Our study has several limitations. The sample size, while sufficient to detect an association, is relatively modest compared to large international consortia. This limits the power for more sophisticated subgroup analyses (e.g., by ICH location) or for investigating rare variants. The findings require validation in an independent, larger Kazakh cohort to confirm the effect size and direction.

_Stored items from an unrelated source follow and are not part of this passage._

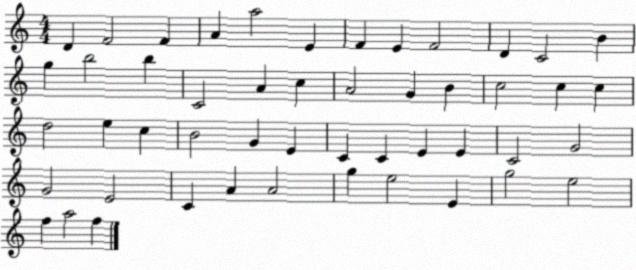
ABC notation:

X:1
T:Untitled
M:4/4
L:1/4
K:C
D F2 F A a2 E F E F2 D C2 B g b2 b C2 A c A2 G B c2 c c d2 e c B2 G E C C E E C2 G2 G2 E2 C A A2 g e2 E g2 e2 f a2 f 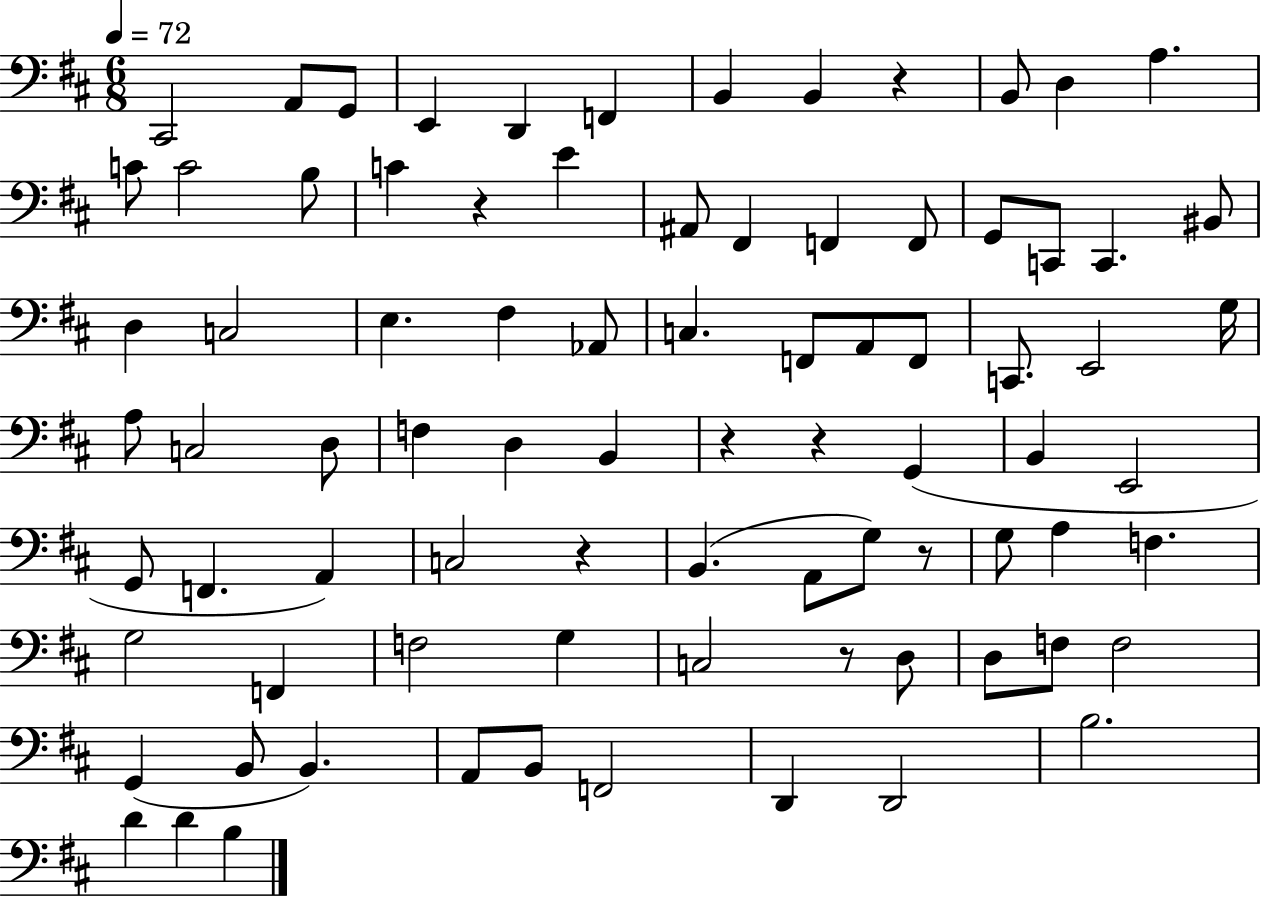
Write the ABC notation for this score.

Future research directions are promising. The planned multicenter ERICH-GENE study,^[20] which will perform whole-genome sequencing on over 10,000 patients from diverse ethnicities, is poised to definitively address these questions of ethnic heterogeneity and discover novel variants. In conclusion, our investigation identifies rs9515199 as a potential protective genetic marker for ICH in the Kazakh population, underscoring the necessity of including diverse ethnic groups in genetic research. While this marker is not yet ready for clinical application, it represents a step toward more precise risk stratification and underscores the need for developing personalized medicine approaches that account for genetic ancestry.

CONCLUSION

Our study identified several risk factors for ICH in the Kazakh population. A history of arterial hypertension, diabetes mellitus (OR = 3.11; 95% CI: 1.19–8.09), and moderate-to-heavy alcohol consumption (OR = 4.43; 95% CI: 2.12–9.27) were significant medical and social predictors. Genetic analysis revealed a strong association between the rs9515199 polymorphism in the COL4A2 gene and a reduced risk of ICH. A protective effect was observed under the co-dominant (CT genotype: OR = 0.60; 95% CI: 0.36–0.99; p = 1e-04; CC genotype: OR = 0.22; 95% CI: 0.11–0.46; p = 1e-04), dominant (CT/CC vs. TT: OR = 0.45; 95% CI: 0.28–0.73; p = 9e-04), and recessive (CC vs. CT/TT: OR = 0.29; 95% CI: 0.15–0.56; p = 1e-04) models. The identified protective effect of the C allele contrasts with previously reported associations in European populations, where the same allele was linked to an increased risk. This discrepancy underscores the critical role of ethnic genetic background in modifying disease risk and highlights the importance of conducting genetic association studies in diverse populations. Further validation in larger, independent cohorts is essential to confirm these associations. Ultimately, integrating genetic markers like rs9515199 with established clinical risk factors could improve risk stratification and pave the way for personalized prevention strategies for ICH.